Except as provided in subdivision (b) of Section 6203, all directors, officers, and employees of an association shall, before entering upon the performance of any of their duties, execute their individual bonds with adequate corporate surety payable to the association as an indemnity for any loss the association may sustain of money or other property by or through any fraud, dishonesty, forgery or alteration, larceny, theft, embezzlement, robbery, burglary, hold-up, wrongful or unlawful abstraction, misapplication, misplacement, destruction or misappropriation, or any other dishonest or criminal act or omission by the director, officer, or employee.
Associations that employ collection agents, who for any reason are not covered by a bond required under Section 6200, shall provide for the bonding of each of those agents in an amount equal to at least twice the average monthly collection of the agent.
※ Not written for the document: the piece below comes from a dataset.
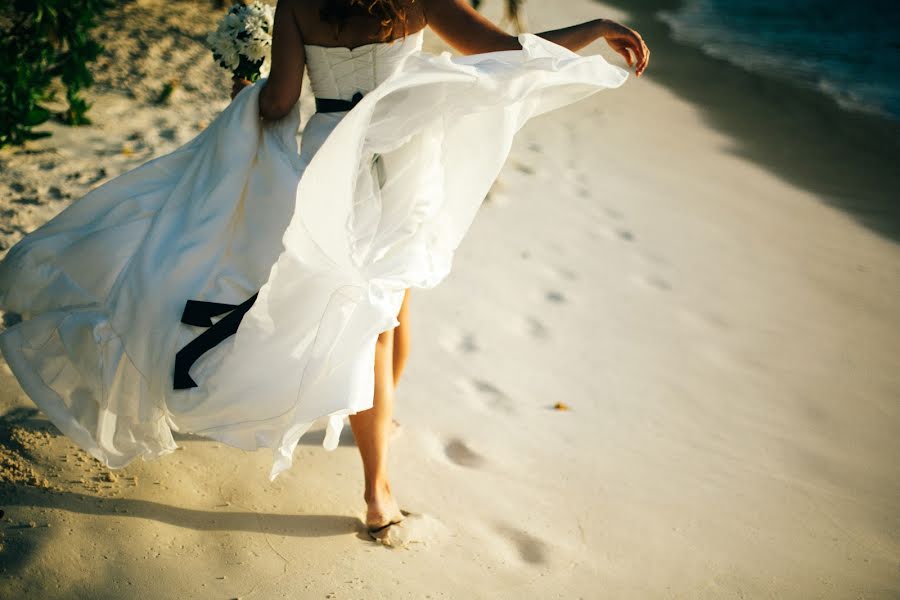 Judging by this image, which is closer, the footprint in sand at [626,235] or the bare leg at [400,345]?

The agents shall be required to make settlement with the association at least monthly.
No indemnity bond coverage is required of any agent that is a financial institution insured by the Federal Deposit Insurance Corporation.
(a) The amounts and form of indemnity bonds and sufficiency of the surety shall be approved by the board of directors and by the commissioner.
  (b) In lieu of individual bonds, a blanket bond, protecting the association from loss through any act or acts of any director, officer, employee or agent, may be obtained.
  (c) A true copy of every indemnity bond shall be on file at all times at the association's home office.
Indemnity bonds shall provide that their cancellation either by the surety or by the insured shall not become effective unless and until 10 days' notice in writing first shall have been given to the commissioner, unless the cancellation is approved earlier by the commissioner.